--- START ---
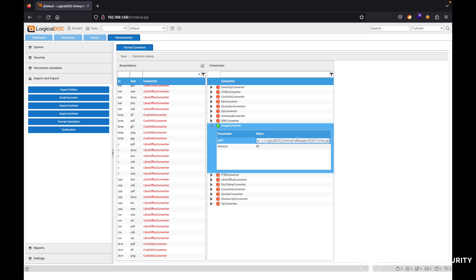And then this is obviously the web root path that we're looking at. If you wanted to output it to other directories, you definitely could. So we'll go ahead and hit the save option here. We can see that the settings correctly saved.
--- END ---
--- START ---
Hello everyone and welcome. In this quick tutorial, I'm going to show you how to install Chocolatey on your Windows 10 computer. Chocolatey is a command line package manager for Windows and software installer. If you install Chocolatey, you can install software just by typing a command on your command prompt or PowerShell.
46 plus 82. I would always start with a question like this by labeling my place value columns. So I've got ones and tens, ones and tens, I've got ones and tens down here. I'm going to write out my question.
--- END ---
--- START ---
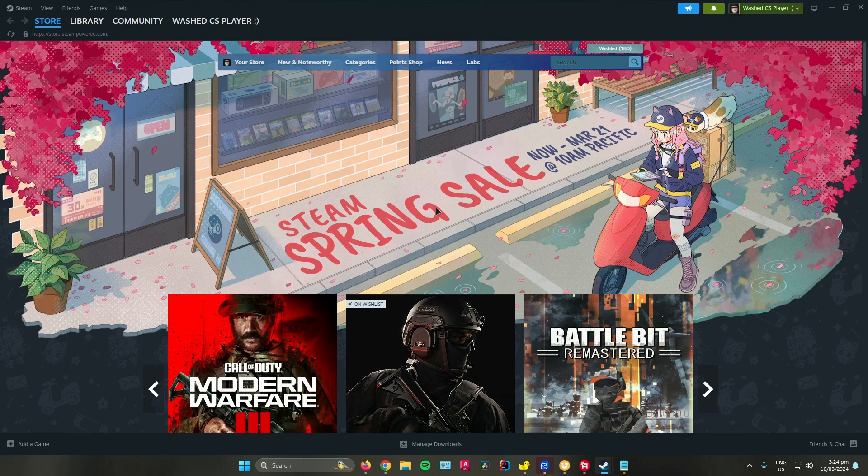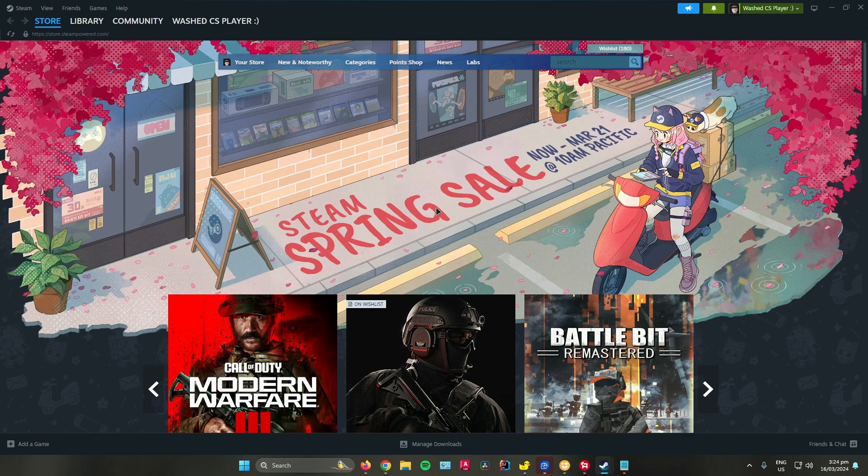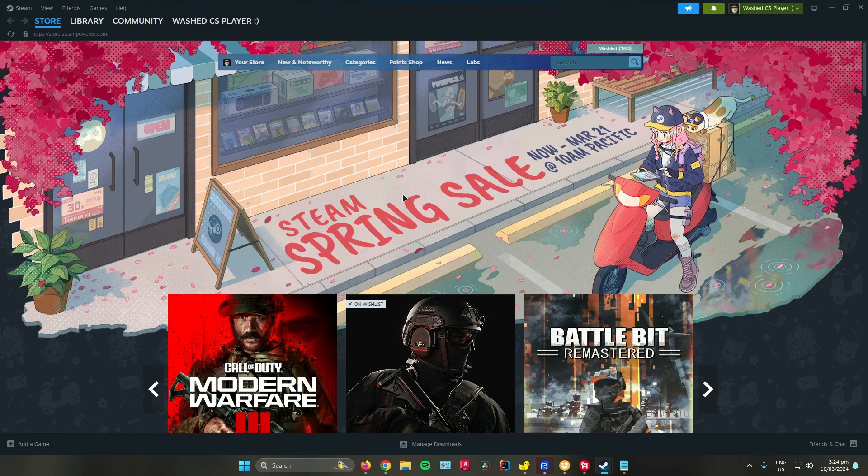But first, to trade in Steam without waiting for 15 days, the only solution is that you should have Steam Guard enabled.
--- END ---
Which lines in the listing above include the string "going"? Copy each of them.

**Answer to the problem**:
Hello everyone and welcome. In this quick tutorial, I'm going to show you how to install Chocolatey on your Windows 10 computer. Chocolatey is a command line package manager for Windows and software installer. If you install Chocolatey, you can install software just by typing a command on your command prompt or PowerShell.
46 plus 82. I would always start with a question like this by labeling my place value columns. So I've got ones and tens, ones and tens, I've got ones and tens down here. I'm going to write out my question.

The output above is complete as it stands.